Peintes dans leur plus bel anonymat. Peintes dans la plus charnelle intimité. Offertes à notre vue. Sans nom, sans voix. Elles se donnent l’une à l’autre. Enlacées, passionnées.
Un penchant artistique fait danser de délicats coups de pinceau, recouvrant leurs caresses, tandis qu’un autre, presque plus voyeuriste qu’honteux, se plaît à imaginer ces mêmes caresses et celles qui les procurent. Ne pas détourner les yeux et penser… Penser ce bleu pastel et délavé des draps témoins de tant de choses. Ce bleu qui marque leur froissement, leur usure. Ce bleu qui recouvre ces corps chauds et apaisés, sereins. Et progressivement, le tableau prend vie et n’est plus une image furtive. Les traits du pinceau sont en mouvement et l’on entend le son de leurs baisers.
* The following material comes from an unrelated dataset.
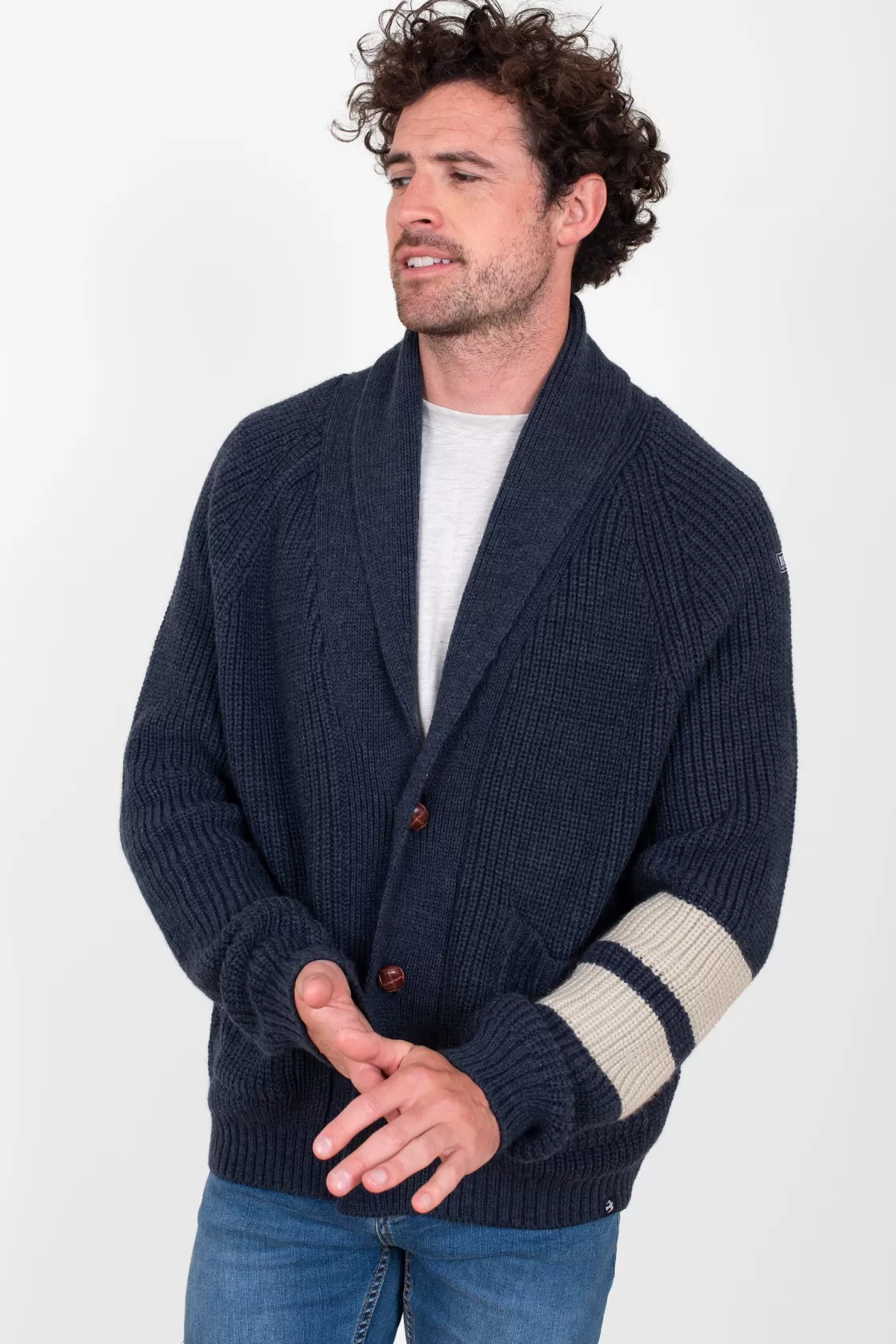 Knitwear>Brakeburn Ribbed Cardigan Navy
Par ce tableau, Toulouse-Lautrec rompt le secret de la porte fermée de cette chambre au cœur de la maison close dont on ne sait rien. Amies, amantes, elles ne cesseront jamais de susciter la curiosité. Que dirent-elles ensuite ? Peut-être rien. Elles continuent et cèdent infiniment à ce plaisir qui les unit, ce désir de l’autre et de la chair. Un plaisir intriguant. Elles sont là, femmes d’un temps passé qui pourtant s’embrassent à jamais. Et nous ne saurons pas leurs noms, le son de leur voix, la couleur de leurs yeux. Mais pour elles, leurs frissons sont peints pour l’éternité.